Figure 61 A speech recognition model that combines a deep network [8]
The Google Research Institute is also rapidly joining the study of neural networks. Working with the NG Research Group, Google's researchers set up a huge network of deep networks [9], as shown in Figure 7, which has a total of 1 billion parameters to learn and is arguably the largest neural network in history. They trained 2000 machines for 32,000 cores for 1 weeks, and the accuracy of the classification obtained on the imagenet data set was 70% higher than the current best results! The work has been widely reported in the news media such as The New York Times, the BBC and times.
Figure 71 a sub-network of the depth self-encoder [9]. Multiple identical subnets need to be added together.
In short, the concept of deep learning is now hot, widely recognized by academia and industry, a large number of scholars are coming from different fields to join in the fun, ICML, NIPS, IEEE Trans Pami and other famous conferences and periodicals more and more related papers. From the present situation, this huge feast will last for at least several years.
Finally, a brief comment on the possible trends of the depth network in the coming years. I think that at least the following two areas deserve attention.

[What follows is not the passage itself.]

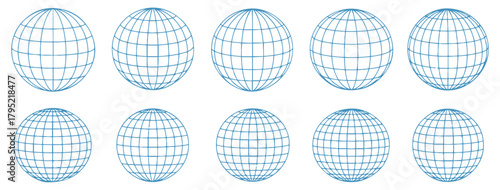 world globe earth grid icon set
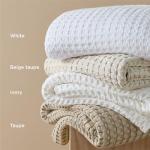Bedsure Cooling Waffle Cotton King Size Blanket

First, how to add a feedback connection to the deep network to improve performance. Only feedforward connections in existing deep networks have no feedback connection, which is different from the real neural network. Because of the complicated dynamic process of the feedback neural network, there is no general rule to follow, the training algorithm is generally not universal, and it is often to design different algorithms for different networks. Worse, compared with other machine learning methods that have arisen in recent years, these learning algorithms do not work well and do not have the scalability of data, and can not adapt to the large data processing requirements in the current network age. In recent years, there have been some important progress in this area, such as Reservoir Network and Echo State network [10], the basic idea is to divide weights into two parts, some have complex feedforward, feedback connection, fixed weights, do not need to learn, the other part of the connection is relatively simple (such as only linear feedforward), only to learn the weight. But how to use this idea in a deep network to improve performance is a problem that is being explored.

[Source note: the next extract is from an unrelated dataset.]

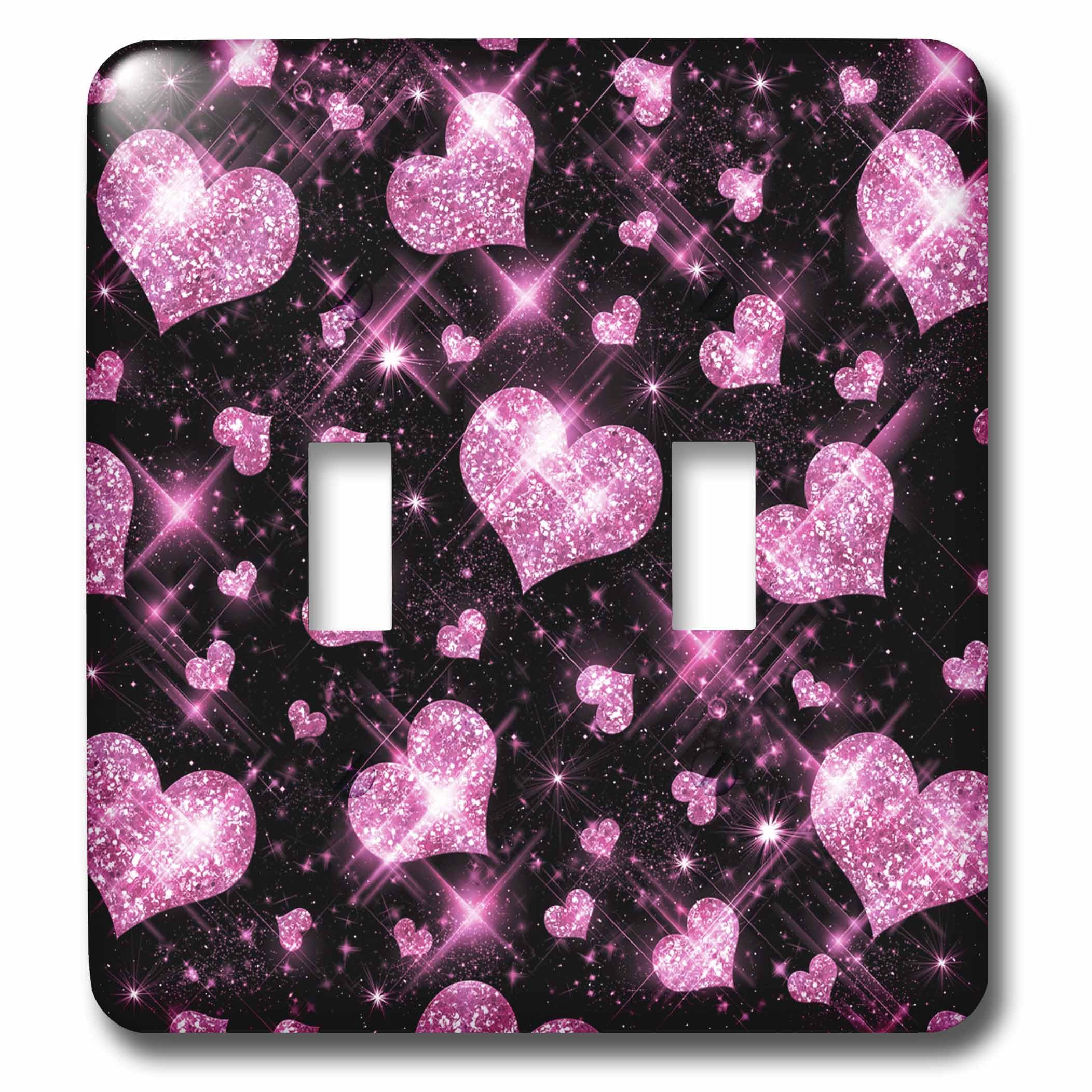 Interruptor doble rosa elimina paredes aburridas con corazones 3dRose lsp_41085_2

Second, the hardware and software cooperation. At present, most deep networks need a lot of computation, and parallelization is necessary. This is natural, because after all, the brain's processing of information is basically parallel. One way to do this is by parallel machines, as Google did on ICML in 2012 [9]; Another way is to use GPU parallelism. The latter is clearly more economically viable for individual researchers. However, the current GPU code is much more time-consuming and laborious for most researchers, depending on hardware vendors and software vendors working together to provide the industry with increasingly foolish programming tools.
Reference documents:
[1] Werbos P J. Beyond regression:new Tools for prediction and analysis in the behavioral sciences[d]. Boston:harvarduniversity, 1974.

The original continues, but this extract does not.